Je fais partie de cette génération pour qui le plein emploi appartient au passé. Je n'ai jamais connu ça et ne le connaitrai probablement jamais. J'avais 24 ans quand l'économie s'est "effondrée" et ma vie professionnelle a été - et le sera encore pour quelques années - régie par des discours de manque de budget, d'attente de la reprise et de chômage. Je ne m'en plains pas, je ne serais probablement pas en train d'écrire cet article si tout cela n'était pas arrivé et je serais probablement encore assis à un bureau à faire quelque chose de très ennuyeux si les subprimes n'avaient pas existé.


Je ne suis pas un économiste. Je ne connais pas les chiffres et dans une certaine mesure, ils ne m'intéressent même pas. Je préfère raconter ce que je ressens, probablement en n'étant pas très objectif. Et si c'est ma ligne éditoriale alors voilà ce que je pense. Traditionnellement la société a accepté dans un premier temps la crise économique comme elle l'a certainement fait avec toutes les autres : la peur, la panique, le désarroi. Des milliers de vies ont été bouleversées, des emplois perdus... Mais une fois cette première vague terrible passée, que retient-on aujourd'hui de la crise ? Quels enseignements peut-on en retirer ?

Notre rapport à l'emploi a complètement changé.
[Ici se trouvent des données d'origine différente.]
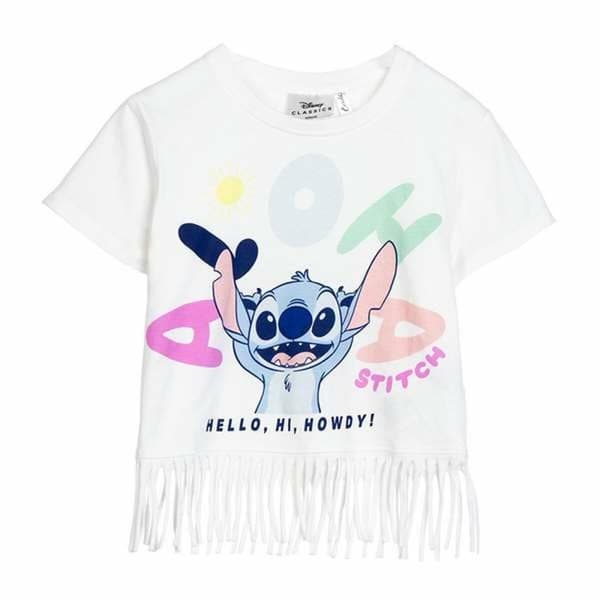 Barn T-shirt med kortärm Stitch Vit - 5 år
Chaque génération est unique, et il y a toujours des "originaux" pour choisir de monter leur entreprise, mais je parle là d'un changement radical et généralisé. Nos grand-parents et dans une certaine mesure nos parents ont connu une époque où l'on travaillait dans une entreprise comme dans le fonctionnariat. Et contrairement à ce que l'air du temps voudrait, il n'y a aucun mépris dans mes mots, simplement un point de comparaison. Les gens qui embrassent le fonctionnariat ne le font pas pour une paire d'années mais généralement pour une vie entière. Secteurs privés et publics étaient à l'époque de ma grand-mère presque identiques. Le tout était d'avoir un travail et de s'y tenir. La génération de mes parents étaient un peu différents de cela : si on butait sur un problème ou si on arrivait à la fin d'un chemin, alors on changeait d'entreprise. Cela arrivait parfois tous les 8 ans, parfois tous les 15 ans, beaucoup plus rarement tous les 3 ans. Et au niveau du rythme, on avait ses horaires. Parfois plus exigeants, d'autres fois moins, mais quand on était au travail, on était au travail. Et quand on était sorti du travail, eh bien on n'y était plus.

Nous prenions le même chemin que nos parents mais les téléphones portables sont arrivés. Puis internet est arrivé et avec lui, les emails. Le courrier ne se recevait plus avec un décalage en jours, mais instantanément. Puis les smartphones ont débarqué et ont participé à flouter encore plus la barrière entre vie privée et vie professionnelle. Les entreprises, qui demandent toujours plus - et là-dessus je vous prie de regarder la vidéo ci-dessous - ont réclamé de nous que nous ayions notre email avec nous, que nous y répondions et que nous soyions plus rentables. Puis, sur la pointe des pieds au début et avec grand fracas ensuite, 2008 s'est invité.



J'ai dû entendre 1500 fois les mots "en chinois, le mot crise est traduit par opportunité". Et c'est vrai que c'est une incroyable opportunité ! Une opportunité pour les entreprises de demander encore plus à ses employés. Parce que si tu ne fais pas ce que l'entreprise te demande, alors tu seras licencié. Et avec la crise actuelle, personne n'a envie de se retrouver au chômage pas vrai ? Sauf que c'est précisément là que se trouve la faille ultime de toutes les crises. Une fois que la crise est lancée c'est une course contre la montre pour les entreprises et les employés. Car si on peut jouer avec la peur des gens, on ne peut pas le faire ad vitam aeternam. Vient un moment où un ras-le-bol s'impose et où la créativité, l'envie, prennent le dessus sur la peur et l'obéissance. Parfois à raison, d'autres fois à tort bien sûr. Mais c'est pour moi la grande leçon de cette crise.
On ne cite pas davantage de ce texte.